The little boy escaped his dad’s grasp and ran toward the restaurant’s revolving door. Three teenagers, who’d crammed themselves into one of its pie-shaped wedges, pushed hard—transforming a once harmless portal into aluminum jaws that closed rapidly on the little boy’s reaching arm. As the only person close enough to do anything about it, I found myself caught in a dilemma. Should I act on my instinct to protect the child or respect a social rule to never touch a stranger’s kid?

The teenagers pushed. The gap narrowed. And I had milliseconds to make a decision.




New business storytellers make a common mistake: they invest more time on a story’s roles and events than on the actual influences that shape them. And by shortchanging the things that drive character behavior, they also squander the best opportunity to impress their audiences.

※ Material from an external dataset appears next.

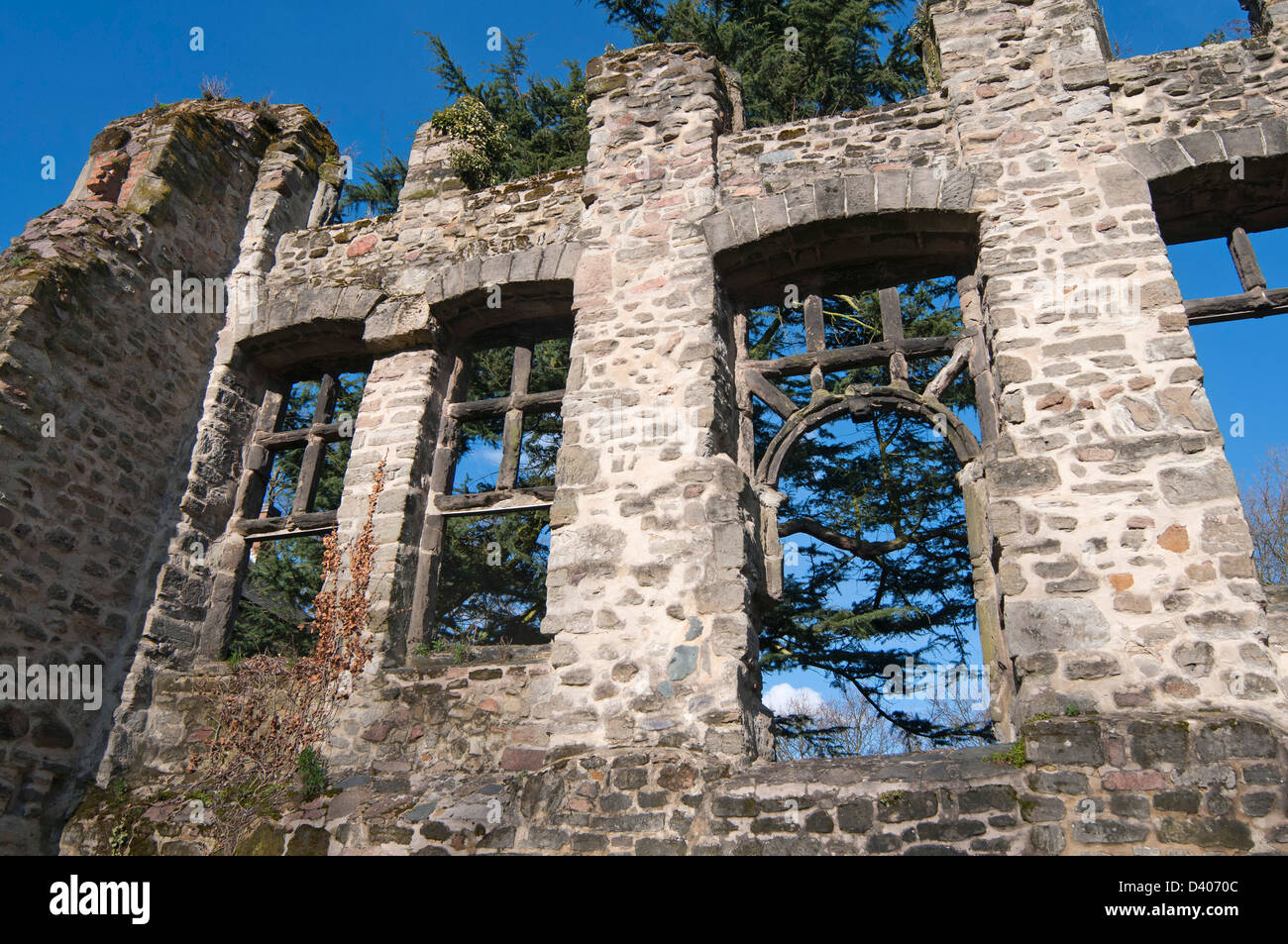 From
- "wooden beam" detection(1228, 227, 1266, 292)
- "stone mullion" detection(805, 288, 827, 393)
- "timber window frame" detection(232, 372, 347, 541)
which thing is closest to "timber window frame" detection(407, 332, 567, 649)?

Experienced business storytellers, though, understand the power of the throughline (StoryHow PitchDeck Card #40.). Throughline is a character’s motivation to accomplish a goal. It’s the driving force that remains constant throughout the entire story, independent of the obstacles that inhibit a character’s progress toward achieving that goal.

Story researcher Kendall Haven agrees. His experiments have revealed that one story element above all others has the most impact on an audience.

“When you use more powerful motives to turn a goal from a mere want to an absolute necessity, you instantly create audience interest, empathy, and support. Motives link directly to both the head and the heart of an audience.”1




I grabbed the boy’s jersey and pulled hard, causing the little guy to slide across the linoleum floor. The good news is that I’d successfully removed him from harm. The bad news is that I’d simultaneously placed myself into it, as his Mom locked her laser-like gaze onto the brute who’d just tossed her baby across the restaurant floor like a rag doll. Luckily for me, Dad saw the whole thing and intercepted mama bear before she could commence my mauling. While Mom struggled violently to break herself free of Dad’s bear hug, he looked at me and mouthed the words, “Thank you.”

Rather than risk my life on Dad’s ability to restrain the wiry woman, I lengthened my stride, spun through the revolving door, and sprinted toward the relative safety of my car.




There are always at least two stories: the one being told and the one being heard. In this example, two people saw the same event, yet interpreted them differently. Dad had enough knowledge of the situation to understand my motivation to protect. With only partial information, however, Mom could only assume something more nefarious.

So, what is your motivation as a business storyteller? Is it to be helpful? Is it to cram products down people’s throats? Now, take a step back and ask yourself, “Am I sure that the audience shares my view?” In other words, do they know your real motivation like the boy’s Dad, or are they assuming their own like his Mom?

Spend time developing the most important of all story elements: the throughline.


  1. Haven, Kendall (2014-10-14). Story Smart: Using the Science of Story to Persuade, Influence, Inspire, and Teach (pp. 87). ABC-CLIO. Kindle Edition.